Принимая решение вернуться в СССР, я чувствовал, что оставшись в США я не только не напишу свою книгу, но и не выживу вообще, не переживу этого невероятного шока разрыва с семьёй, не переживу чувства вины перед всеми своими родными, особенно перед своими детьми.
Вскоре после возвращения в Ленинград мы оба были арестованы КГБ (20 сентября 1972 года) и обвинены по статье 64 Уголовного Кодекса – измена родине, пункт «А» – отказ от возвращения из-за границы. Этот пункт этой статьи определял наказание от 10 до 15 лет заключения и до расстрела. Но поскольку мы всё-таки вернулись, вернулись сами, без всякого давления со стороны советских властей, что явилось смягчающим вину обстоятельством, плюс мы ничего не скрывали от следствия (а нам и нечего было скрывать), плюс наш поступок был широко известен на Западе, плюс режим власти в СССР (при Л. И. Брежневе) был к тому времени значительно более мягким, чем в предыдущие годы, то мы получили по суду приговор, определяющий наше наказание ниже низшего его предела – я получил 4 года, а мой товарищ получил 3 года заключения в трудовых лагерях строгого режима как особо опасные государственные преступники. (После крушения власти коммунистов этот пункт этой статьи УК был отменён.)

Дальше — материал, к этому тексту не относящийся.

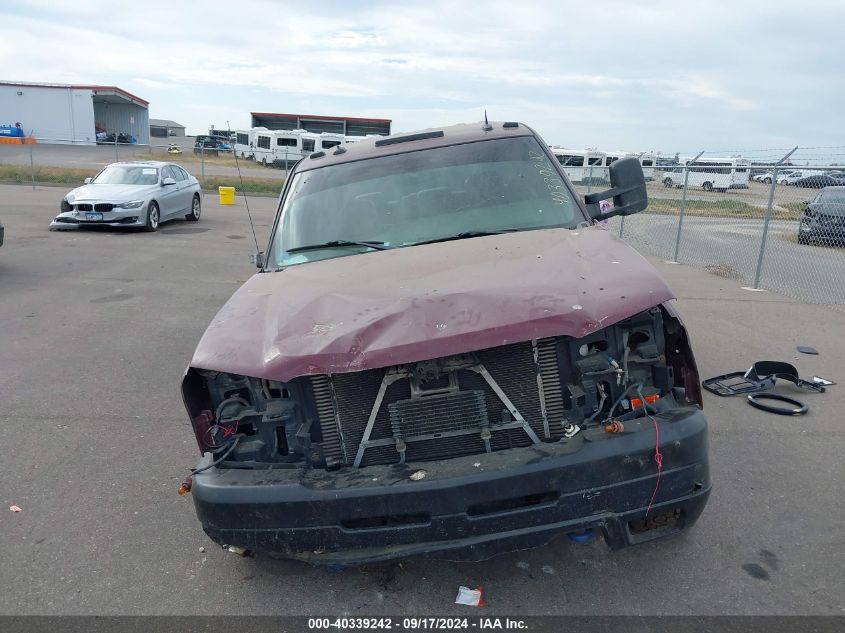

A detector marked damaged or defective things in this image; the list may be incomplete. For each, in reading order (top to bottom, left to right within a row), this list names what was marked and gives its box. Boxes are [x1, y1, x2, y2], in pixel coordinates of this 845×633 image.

crumpled hood [67, 183, 153, 200]
crumpled hood [190, 230, 672, 382]
damaged maroon pickup truck [181, 122, 708, 564]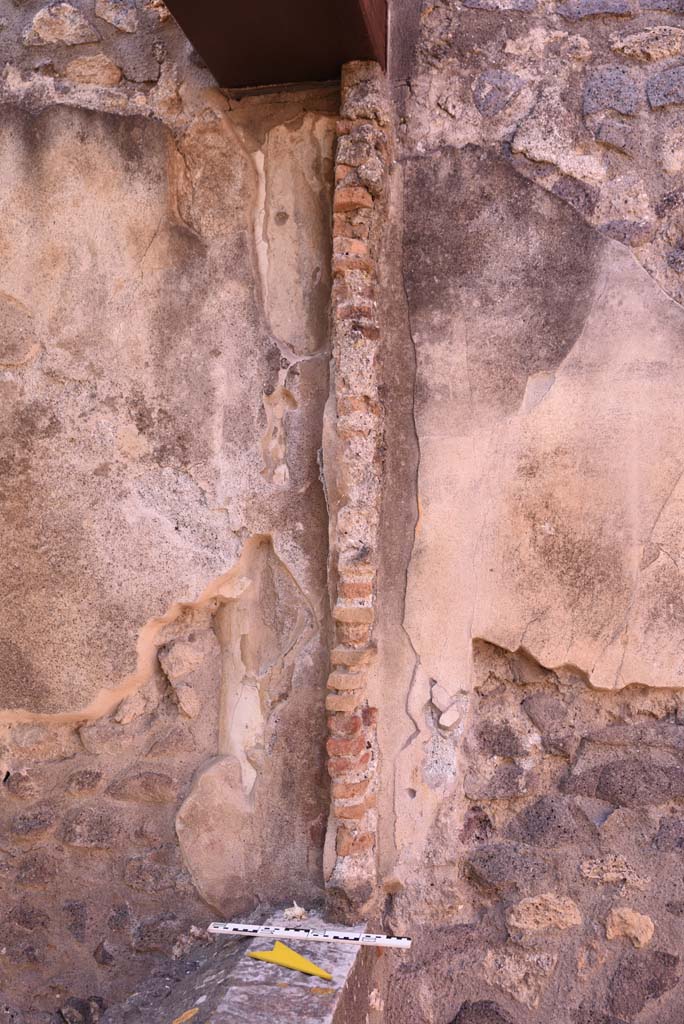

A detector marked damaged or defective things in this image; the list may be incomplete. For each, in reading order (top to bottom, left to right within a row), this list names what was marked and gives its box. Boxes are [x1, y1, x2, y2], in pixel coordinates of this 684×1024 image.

Вот так, двое простых парней – музыкантов, убежали из «большой зоны» (так называли нашу страну заключённые), сказали для западных СМИ на пресс – конференции после побега несколько довольно резких слов об отсутствии свободы в СССР, через несколько дней после этого в полной панике прибежали назад «сдаваться», и за это получили по расстрельной статье УК, по нескольку лет заключения в трудовых лагерях строгого режима и клеймо особо опасных государственных преступников и изменников родины! Таков был один из моментов, характеризующих режим власти коммунистов в один из самых мягких периодов этого режима. А мой пожилой следователь, тоскующий, видимо, по старым сталинским временам, говорил мне с досадой на допросах: «В своё время я расстрелял бы вас за ваши слова», которые мы сказали на той пресс – конференции.
На суде мы, конечно, должны были признать себя виновными в измене родине, хоть это и было очень тяжело, чтобы не получить гораздо более суровое наказание. Но я считаю наш приговор несправедливым прежде всего в том смысле, что в нём смешаны понятия родины и государства, которые есть понятия очень разные. Любая страна может иметь любые различные формы своего государства, но как родина для своего народа она остаётся всегда одной и той же. И мы убежали ведь не от родины, а именно от коммунистического государства. Поэтому нас нельзя было считать изменниками родины. После революции 1917 года огромная масса людей России не только покинула страну, но даже воевала против новой власти, и нельзя же их из-за этого считать изменниками родины! Их по справедливости можно считать лишь противниками нового государства, его идеологии и власти. Они считали себя патриотами России и действительно являлись ими. Также и нас по справедливости можно было считать лишь противниками идеологии и власти коммунистического государства, не более. Себя лично я всегда чувствую и считаю патриотом своей Родины – России и русским националистом. И книгу свою я писал для пользы не только всех, но прежде всего для пользы своей страны и её народа; и не только потому, что моя страна больше всех других в мире пострадала от власти коммунистов, но прежде всего потому, что эта страна – моя, и её народ – мой. Я всегда чувствую и считаю себя частью своей России, всего российского народа и своей русской нации, и этим я всегда счастлив и всегда горжусь!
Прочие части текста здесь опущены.